Bishops tackle xenophobia in Pentecost pastoral letter, urge faithful to embrace diversity

"If prejudices and hatred lead to exclusion, destruction and murder, love leads to the building anew of the family of man."

Archbishop Charles Scicluna (file photo)
Archbishop Charles Scicluna (file photo)

Maltese bishops have called for the local faith community to bear “a concrete witness to love” in their letter marking Pentecost.

Archbishop Charles Scicluna and Auxiliary Bishop Joseph Galea-Curmi urged the faithful to embrace diversity and the changes it brings.

“As a faith community, we are living in a society that, while appreciating its ancient roots, embraces a diversity of cultures, languages, races and religions. This is a golden opportunity for us all to witness to love, which is the universal language that everybody can understand. If prejudices and hatred lead to exclusion, destruction and murder, love leads to the building anew of the family of man. Man was created to enter into a relationship of love with God and men, whoever they are, of whatever race or colour. This love, a gift from God, is the foundation of an inclusive society where the fundamental rights of every human being, whoever he is, are respected and protected.

"Instead of pointing fingers at others, we Catholics should take the initiative and continue building bridges which go forth from our hearts and extend beyond and above the abyss of racism, of all kinds of prejudice and fear of all that is foreign, that is, all forms of xenophobia.”

People coming to live in Malta in search of a better life are not to be perceived as enemies, but partners in prosperity and the enrichment of cultural heritage said the bishops.

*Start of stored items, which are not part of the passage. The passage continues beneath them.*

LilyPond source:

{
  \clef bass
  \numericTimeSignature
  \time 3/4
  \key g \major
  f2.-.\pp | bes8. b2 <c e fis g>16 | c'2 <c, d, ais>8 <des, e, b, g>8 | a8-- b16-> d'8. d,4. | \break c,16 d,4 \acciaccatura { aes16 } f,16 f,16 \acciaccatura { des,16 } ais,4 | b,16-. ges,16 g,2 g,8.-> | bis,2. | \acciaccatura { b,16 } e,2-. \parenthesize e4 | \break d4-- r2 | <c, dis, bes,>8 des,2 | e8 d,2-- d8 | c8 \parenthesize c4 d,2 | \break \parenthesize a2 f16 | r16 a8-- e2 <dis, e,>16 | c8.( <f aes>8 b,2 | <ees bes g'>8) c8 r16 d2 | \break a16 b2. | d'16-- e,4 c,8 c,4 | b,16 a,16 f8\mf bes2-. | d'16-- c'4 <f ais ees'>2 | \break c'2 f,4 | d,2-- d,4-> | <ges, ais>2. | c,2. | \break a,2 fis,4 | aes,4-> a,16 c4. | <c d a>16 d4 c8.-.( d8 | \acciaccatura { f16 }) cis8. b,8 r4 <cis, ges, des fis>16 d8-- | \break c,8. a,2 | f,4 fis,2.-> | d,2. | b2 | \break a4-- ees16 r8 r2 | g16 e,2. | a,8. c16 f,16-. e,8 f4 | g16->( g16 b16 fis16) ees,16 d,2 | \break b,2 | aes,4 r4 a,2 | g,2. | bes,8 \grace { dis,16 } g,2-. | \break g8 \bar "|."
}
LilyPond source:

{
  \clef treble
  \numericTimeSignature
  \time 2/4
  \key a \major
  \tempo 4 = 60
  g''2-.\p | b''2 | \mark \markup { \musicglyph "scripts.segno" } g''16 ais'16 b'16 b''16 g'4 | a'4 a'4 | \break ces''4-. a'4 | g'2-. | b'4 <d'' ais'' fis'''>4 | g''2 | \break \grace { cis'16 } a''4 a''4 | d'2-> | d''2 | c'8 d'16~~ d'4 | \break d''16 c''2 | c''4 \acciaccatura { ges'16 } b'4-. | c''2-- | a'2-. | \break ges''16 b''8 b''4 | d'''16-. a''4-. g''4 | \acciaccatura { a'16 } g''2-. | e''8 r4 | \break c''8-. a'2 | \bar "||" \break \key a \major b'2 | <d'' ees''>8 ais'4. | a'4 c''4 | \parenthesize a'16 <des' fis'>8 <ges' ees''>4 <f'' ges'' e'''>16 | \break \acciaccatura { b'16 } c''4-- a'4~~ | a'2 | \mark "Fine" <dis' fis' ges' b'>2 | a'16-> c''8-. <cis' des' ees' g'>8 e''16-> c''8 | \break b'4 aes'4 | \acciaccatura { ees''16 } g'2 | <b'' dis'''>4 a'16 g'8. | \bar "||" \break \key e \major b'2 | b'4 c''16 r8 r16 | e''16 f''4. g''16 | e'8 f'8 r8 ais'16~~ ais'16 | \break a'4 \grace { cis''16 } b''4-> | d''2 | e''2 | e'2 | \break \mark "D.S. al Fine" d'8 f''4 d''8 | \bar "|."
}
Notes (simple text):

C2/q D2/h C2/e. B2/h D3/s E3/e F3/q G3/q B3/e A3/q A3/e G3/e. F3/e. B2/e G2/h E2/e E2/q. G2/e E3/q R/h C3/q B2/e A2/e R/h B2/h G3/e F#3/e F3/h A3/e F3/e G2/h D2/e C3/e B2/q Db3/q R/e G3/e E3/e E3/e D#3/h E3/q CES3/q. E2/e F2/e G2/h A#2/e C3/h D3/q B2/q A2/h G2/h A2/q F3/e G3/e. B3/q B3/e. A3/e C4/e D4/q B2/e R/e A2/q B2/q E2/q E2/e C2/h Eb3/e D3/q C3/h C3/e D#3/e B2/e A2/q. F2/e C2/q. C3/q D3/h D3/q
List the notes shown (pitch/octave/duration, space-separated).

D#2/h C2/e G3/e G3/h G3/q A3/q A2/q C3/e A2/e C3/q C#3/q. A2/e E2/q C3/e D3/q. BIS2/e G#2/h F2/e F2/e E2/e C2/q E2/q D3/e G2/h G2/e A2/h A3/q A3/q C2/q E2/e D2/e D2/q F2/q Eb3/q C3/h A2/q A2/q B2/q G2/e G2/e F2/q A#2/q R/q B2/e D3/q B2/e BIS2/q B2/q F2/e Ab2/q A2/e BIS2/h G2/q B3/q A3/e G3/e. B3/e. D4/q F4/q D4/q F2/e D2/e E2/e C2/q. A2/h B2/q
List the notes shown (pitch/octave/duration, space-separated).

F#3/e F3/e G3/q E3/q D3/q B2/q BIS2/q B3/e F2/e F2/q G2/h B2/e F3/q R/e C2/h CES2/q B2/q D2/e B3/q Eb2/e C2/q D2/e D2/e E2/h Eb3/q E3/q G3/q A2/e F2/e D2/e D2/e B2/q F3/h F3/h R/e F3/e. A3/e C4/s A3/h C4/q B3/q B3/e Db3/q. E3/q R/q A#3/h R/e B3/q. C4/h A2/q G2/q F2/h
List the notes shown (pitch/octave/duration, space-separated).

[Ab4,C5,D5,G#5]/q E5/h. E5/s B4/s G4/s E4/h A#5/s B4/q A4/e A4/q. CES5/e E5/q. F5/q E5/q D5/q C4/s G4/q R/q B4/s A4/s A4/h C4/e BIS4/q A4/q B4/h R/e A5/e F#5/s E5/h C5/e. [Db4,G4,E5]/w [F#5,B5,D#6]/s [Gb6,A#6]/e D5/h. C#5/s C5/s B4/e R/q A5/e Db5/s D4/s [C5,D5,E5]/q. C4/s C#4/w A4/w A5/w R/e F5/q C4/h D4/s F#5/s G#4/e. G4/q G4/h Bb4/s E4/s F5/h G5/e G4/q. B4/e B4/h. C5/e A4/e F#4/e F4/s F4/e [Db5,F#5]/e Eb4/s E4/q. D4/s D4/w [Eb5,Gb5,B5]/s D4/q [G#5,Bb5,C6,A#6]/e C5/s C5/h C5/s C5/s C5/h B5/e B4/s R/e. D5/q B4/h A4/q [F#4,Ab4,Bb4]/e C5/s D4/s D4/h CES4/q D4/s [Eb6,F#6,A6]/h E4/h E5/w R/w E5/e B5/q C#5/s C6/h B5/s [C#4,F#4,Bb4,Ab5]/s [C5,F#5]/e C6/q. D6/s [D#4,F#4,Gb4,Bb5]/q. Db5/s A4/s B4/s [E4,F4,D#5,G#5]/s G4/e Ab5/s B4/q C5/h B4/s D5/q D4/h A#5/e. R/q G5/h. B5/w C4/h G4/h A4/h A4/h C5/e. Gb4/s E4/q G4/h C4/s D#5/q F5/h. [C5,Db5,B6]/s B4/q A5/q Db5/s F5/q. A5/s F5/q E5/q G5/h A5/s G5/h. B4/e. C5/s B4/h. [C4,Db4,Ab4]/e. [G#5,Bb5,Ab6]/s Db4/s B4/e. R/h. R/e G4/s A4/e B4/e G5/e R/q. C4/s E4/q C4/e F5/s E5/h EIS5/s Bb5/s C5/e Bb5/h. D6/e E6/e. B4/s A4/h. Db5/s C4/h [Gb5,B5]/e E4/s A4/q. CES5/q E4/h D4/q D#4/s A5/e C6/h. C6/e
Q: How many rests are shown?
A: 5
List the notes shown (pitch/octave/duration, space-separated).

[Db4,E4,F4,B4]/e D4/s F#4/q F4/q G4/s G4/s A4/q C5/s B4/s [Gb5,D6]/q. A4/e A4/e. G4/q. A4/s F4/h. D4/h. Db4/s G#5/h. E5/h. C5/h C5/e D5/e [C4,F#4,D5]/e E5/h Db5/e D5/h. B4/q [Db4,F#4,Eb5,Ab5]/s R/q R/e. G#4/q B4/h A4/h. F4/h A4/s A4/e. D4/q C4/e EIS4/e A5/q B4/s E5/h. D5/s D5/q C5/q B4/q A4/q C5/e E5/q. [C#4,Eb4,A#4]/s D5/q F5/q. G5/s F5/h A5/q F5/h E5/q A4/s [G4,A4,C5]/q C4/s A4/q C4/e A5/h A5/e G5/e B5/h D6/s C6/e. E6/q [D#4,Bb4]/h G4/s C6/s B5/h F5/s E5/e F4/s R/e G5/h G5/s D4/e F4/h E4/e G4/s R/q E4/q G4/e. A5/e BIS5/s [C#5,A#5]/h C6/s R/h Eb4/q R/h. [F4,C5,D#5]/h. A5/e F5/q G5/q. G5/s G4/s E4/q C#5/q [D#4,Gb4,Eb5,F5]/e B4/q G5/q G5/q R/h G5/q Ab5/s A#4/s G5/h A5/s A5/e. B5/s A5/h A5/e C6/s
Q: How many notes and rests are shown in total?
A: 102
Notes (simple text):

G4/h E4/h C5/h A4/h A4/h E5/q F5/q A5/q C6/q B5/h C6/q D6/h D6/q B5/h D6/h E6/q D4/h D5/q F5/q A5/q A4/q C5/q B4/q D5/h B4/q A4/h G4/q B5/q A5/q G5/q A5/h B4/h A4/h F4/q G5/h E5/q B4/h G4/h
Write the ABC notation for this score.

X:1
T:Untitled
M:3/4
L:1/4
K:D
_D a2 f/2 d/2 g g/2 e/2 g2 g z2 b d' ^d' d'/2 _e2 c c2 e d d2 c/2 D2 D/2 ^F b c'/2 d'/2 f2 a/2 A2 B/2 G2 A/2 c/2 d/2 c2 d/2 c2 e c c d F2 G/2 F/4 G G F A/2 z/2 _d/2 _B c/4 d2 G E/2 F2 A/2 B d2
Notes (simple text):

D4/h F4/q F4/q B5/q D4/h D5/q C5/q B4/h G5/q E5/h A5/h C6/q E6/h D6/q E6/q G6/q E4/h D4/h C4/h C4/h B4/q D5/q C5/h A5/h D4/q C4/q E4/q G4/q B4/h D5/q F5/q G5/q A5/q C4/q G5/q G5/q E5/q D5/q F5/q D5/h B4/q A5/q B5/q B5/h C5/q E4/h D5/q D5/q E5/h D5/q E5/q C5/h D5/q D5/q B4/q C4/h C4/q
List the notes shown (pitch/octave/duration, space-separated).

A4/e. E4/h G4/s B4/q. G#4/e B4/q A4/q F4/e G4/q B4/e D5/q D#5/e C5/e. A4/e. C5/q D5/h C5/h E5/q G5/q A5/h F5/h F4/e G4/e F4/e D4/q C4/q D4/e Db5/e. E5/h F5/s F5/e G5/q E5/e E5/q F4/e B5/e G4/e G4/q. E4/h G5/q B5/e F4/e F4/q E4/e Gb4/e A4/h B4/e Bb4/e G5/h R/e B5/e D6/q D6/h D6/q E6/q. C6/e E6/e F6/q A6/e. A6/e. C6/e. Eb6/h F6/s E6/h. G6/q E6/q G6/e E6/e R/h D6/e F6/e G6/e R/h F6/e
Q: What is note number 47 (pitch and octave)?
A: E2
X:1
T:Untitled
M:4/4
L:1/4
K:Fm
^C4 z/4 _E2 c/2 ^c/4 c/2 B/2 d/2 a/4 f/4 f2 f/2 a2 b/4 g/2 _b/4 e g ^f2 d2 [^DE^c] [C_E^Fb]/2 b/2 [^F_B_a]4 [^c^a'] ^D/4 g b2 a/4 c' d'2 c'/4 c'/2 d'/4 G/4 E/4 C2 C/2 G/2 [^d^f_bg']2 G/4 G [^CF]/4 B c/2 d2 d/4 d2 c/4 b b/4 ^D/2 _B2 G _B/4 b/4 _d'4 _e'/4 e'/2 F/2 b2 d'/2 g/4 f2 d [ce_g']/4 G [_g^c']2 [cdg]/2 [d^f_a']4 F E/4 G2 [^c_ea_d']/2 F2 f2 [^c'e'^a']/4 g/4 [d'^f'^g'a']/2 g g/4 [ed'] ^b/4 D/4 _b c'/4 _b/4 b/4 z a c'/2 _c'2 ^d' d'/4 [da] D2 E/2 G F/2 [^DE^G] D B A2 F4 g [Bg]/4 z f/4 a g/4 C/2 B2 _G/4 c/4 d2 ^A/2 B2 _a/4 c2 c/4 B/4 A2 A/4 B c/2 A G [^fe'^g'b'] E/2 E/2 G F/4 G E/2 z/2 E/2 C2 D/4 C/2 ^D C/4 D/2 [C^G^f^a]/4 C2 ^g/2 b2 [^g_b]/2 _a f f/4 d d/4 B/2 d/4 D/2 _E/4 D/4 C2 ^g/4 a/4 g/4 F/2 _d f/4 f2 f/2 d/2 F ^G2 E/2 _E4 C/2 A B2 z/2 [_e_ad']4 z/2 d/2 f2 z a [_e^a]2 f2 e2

“Foreigners living in our country are human beings like us who have the same human dignity and the same fundamental rights we enjoy. If these people have not yet met Jesus Christ, what will they say when they meet us, the family of Jesus, and hear us talking about Him? What will they say when they see how we live our faith in Jesus? And above all, what will foreigners who live here say about our faith when they see how we treat them, what wages we pay them, what accommodation we offer them?”